Using the records below, write out again exactly the lines that begin at the line containing "Bottine Chelsea Camel" and end at the line containing "Preview for 2", and no other lines.

[Short web captions]
# # # #

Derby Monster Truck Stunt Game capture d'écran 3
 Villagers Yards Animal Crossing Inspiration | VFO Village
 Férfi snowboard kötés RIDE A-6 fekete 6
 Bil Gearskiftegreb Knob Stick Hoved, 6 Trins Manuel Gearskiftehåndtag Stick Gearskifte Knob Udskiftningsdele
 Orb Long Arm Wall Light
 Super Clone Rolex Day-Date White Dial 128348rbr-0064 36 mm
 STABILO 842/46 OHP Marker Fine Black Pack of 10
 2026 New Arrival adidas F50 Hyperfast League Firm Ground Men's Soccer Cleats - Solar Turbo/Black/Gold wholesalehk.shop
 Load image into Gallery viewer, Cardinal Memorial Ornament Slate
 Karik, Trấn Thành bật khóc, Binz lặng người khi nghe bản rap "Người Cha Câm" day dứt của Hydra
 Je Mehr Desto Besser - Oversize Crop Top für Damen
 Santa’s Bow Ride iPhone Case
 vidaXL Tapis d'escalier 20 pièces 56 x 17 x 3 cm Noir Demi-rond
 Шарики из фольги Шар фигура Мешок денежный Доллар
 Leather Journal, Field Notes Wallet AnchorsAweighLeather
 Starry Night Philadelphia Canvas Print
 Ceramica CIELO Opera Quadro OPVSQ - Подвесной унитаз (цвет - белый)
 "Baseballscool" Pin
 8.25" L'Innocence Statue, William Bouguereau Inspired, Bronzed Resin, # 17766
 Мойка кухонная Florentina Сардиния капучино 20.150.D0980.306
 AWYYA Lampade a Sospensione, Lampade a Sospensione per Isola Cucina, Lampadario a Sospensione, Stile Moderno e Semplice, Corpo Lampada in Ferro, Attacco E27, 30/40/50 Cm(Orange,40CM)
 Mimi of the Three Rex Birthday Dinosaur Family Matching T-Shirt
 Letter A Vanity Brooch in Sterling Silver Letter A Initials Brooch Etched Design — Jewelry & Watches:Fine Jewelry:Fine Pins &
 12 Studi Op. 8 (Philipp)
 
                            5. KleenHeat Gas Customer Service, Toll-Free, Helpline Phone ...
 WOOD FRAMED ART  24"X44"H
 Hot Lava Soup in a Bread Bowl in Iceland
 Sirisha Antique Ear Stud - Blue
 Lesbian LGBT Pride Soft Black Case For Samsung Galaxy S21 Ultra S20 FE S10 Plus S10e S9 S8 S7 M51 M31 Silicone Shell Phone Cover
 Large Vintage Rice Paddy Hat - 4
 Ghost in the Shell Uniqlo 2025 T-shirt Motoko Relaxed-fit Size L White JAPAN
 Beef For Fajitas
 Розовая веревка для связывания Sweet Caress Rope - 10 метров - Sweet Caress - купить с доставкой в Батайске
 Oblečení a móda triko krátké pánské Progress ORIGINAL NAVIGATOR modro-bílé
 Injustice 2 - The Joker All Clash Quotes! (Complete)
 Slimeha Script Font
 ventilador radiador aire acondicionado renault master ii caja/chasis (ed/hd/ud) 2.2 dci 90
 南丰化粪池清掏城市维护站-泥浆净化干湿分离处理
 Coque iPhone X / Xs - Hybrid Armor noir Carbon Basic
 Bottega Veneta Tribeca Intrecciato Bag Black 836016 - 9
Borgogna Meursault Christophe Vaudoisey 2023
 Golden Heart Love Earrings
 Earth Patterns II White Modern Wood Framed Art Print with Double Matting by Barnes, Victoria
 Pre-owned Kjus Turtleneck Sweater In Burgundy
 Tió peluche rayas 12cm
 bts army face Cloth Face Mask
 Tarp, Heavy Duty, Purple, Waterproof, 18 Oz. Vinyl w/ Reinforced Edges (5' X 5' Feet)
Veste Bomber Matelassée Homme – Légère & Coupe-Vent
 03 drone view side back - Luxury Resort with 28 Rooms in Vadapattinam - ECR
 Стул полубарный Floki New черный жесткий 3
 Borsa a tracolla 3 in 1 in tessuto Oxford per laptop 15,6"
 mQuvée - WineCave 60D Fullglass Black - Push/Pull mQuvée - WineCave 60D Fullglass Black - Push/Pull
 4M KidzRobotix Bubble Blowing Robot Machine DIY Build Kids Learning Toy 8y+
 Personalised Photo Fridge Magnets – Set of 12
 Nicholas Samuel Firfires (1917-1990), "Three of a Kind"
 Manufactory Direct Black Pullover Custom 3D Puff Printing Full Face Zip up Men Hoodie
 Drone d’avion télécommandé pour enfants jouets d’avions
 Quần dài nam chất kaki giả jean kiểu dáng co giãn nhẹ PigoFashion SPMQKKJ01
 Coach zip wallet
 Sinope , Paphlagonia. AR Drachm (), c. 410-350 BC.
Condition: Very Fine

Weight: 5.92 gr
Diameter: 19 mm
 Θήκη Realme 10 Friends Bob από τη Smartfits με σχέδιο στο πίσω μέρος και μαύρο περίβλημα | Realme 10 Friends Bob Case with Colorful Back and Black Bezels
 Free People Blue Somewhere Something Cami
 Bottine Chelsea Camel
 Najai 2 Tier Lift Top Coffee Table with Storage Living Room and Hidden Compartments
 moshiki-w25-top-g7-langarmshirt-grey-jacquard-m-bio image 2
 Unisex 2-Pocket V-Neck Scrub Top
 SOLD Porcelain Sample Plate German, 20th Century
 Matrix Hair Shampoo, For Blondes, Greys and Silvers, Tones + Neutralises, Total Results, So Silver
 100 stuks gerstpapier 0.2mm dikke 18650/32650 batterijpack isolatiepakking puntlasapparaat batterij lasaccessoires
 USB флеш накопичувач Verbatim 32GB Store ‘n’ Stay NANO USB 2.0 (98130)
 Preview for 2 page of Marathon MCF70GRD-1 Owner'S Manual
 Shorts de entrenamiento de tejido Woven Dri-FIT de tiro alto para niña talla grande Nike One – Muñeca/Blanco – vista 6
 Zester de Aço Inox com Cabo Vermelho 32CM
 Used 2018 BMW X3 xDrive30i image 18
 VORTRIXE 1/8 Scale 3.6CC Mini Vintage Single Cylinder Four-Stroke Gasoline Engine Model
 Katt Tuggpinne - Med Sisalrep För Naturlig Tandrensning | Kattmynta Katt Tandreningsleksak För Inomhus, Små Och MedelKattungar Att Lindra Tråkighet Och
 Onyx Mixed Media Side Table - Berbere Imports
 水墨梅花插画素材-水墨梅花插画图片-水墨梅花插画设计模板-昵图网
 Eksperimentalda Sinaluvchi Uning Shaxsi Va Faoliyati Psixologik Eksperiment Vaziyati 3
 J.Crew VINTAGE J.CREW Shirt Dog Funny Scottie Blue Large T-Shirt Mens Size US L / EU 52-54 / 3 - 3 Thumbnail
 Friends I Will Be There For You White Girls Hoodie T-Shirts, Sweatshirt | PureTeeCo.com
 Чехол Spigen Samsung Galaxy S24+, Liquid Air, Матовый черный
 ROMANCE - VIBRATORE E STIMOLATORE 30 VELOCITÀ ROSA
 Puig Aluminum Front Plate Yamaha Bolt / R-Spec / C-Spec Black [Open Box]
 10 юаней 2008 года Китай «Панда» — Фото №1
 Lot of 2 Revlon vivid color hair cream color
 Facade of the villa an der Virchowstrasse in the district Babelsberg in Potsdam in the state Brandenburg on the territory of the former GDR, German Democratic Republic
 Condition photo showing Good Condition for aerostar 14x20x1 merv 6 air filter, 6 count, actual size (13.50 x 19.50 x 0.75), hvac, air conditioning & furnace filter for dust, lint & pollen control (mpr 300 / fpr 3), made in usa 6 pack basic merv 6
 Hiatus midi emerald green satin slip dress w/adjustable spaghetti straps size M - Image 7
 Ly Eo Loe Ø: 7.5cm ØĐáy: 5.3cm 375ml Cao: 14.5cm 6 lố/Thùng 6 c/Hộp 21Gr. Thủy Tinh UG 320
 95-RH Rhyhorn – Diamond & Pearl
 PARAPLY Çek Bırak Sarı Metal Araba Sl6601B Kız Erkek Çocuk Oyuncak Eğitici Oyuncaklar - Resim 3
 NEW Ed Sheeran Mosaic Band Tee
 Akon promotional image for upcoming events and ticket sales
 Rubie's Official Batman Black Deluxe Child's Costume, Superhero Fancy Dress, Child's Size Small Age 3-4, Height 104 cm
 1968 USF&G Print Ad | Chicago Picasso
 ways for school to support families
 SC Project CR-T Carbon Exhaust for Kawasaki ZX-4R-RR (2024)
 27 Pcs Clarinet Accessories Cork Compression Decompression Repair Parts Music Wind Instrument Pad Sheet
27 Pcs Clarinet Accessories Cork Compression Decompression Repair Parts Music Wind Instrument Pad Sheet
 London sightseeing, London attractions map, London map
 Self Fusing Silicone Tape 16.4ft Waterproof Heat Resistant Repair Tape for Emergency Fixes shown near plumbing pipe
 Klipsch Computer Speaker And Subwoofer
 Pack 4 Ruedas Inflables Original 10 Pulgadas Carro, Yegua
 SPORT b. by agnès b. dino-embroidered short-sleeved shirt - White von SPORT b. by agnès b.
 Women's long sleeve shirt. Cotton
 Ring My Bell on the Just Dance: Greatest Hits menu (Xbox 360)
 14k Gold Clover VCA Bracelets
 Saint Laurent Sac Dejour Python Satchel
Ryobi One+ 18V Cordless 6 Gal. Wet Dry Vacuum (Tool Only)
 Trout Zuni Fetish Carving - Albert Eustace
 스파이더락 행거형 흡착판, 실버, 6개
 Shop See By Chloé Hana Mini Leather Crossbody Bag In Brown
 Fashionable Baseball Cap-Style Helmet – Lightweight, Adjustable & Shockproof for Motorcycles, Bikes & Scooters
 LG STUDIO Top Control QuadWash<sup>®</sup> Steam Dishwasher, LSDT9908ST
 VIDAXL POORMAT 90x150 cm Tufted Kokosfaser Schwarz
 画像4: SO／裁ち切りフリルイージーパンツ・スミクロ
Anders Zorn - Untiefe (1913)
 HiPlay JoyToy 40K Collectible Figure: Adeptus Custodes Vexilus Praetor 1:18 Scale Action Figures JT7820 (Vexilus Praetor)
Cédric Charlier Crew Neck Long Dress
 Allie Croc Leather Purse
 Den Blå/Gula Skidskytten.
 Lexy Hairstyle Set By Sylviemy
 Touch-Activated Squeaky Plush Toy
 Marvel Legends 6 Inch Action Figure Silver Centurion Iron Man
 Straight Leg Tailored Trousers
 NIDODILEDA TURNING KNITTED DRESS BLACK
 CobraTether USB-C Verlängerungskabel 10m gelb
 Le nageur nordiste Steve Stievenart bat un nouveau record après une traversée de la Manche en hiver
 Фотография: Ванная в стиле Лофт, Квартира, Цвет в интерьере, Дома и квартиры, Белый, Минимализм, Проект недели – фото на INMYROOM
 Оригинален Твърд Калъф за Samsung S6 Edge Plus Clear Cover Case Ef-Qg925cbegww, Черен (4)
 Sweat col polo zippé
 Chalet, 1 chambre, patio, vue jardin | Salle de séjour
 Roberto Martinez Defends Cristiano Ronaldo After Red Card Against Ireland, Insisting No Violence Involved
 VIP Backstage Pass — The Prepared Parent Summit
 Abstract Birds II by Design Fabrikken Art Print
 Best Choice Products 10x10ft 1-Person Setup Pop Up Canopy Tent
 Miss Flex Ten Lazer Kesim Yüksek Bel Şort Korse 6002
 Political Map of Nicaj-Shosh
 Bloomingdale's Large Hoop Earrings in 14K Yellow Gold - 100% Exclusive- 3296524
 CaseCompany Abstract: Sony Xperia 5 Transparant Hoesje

# # # #

**Answer to this exercise:**
 Bottine Chelsea Camel
 Najai 2 Tier Lift Top Coffee Table with Storage Living Room and Hidden Compartments
 moshiki-w25-top-g7-langarmshirt-grey-jacquard-m-bio image 2
 Unisex 2-Pocket V-Neck Scrub Top
 SOLD Porcelain Sample Plate German, 20th Century
 Matrix Hair Shampoo, For Blondes, Greys and Silvers, Tones + Neutralises, Total Results, So Silver
 100 stuks gerstpapier 0.2mm dikke 18650/32650 batterijpack isolatiepakking puntlasapparaat batterij lasaccessoires
 USB флеш накопичувач Verbatim 32GB Store ‘n’ Stay NANO USB 2.0 (98130)
 Preview for 2 page of Marathon MCF70GRD-1 Owner'S Manual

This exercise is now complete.